→ Entries supplied:
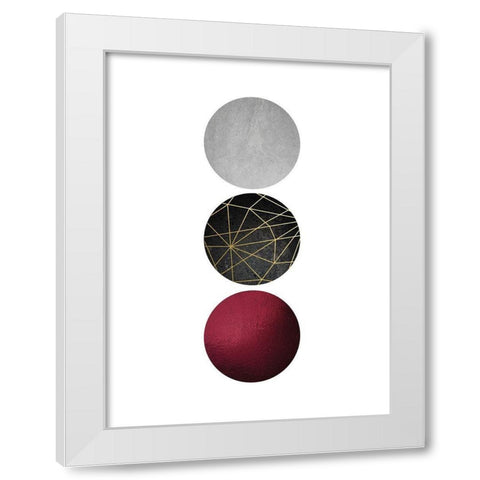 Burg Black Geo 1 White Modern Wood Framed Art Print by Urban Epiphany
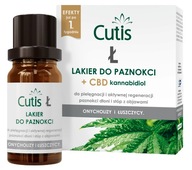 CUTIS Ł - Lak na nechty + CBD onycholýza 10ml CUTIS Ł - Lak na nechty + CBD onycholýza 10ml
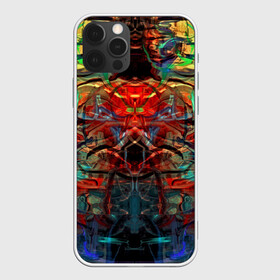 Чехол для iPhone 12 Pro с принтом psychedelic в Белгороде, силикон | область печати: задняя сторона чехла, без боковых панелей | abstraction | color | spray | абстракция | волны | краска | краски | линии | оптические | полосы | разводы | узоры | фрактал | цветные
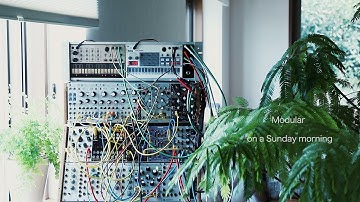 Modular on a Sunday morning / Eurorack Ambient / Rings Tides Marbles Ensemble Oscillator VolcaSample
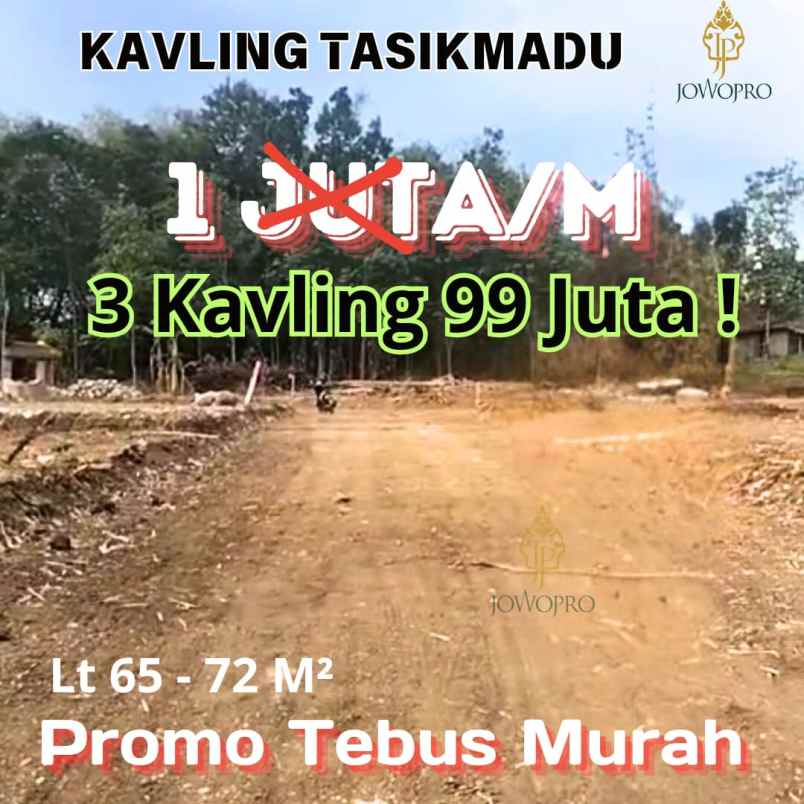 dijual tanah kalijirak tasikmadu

→ Exercise brief:
A word-for-word copy of the records above is needed, pictures excluded.

→ Completed task:
 Burg Black Geo 1 White Modern Wood Framed Art Print by Urban Epiphany
 CUTIS Ł - Lak na nechty + CBD onycholýza 10ml CUTIS Ł - Lak na nechty + CBD onycholýza 10ml
 Чехол для iPhone 12 Pro с принтом psychedelic в Белгороде, силикон | область печати: задняя сторона чехла, без боковых панелей | abstraction | color | spray | абстракция | волны | краска | краски | линии | оптические | полосы | разводы | узоры | фрактал | цветные
 Modular on a Sunday morning / Eurorack Ambient / Rings Tides Marbles Ensemble Oscillator VolcaSample
 dijual tanah kalijirak tasikmadu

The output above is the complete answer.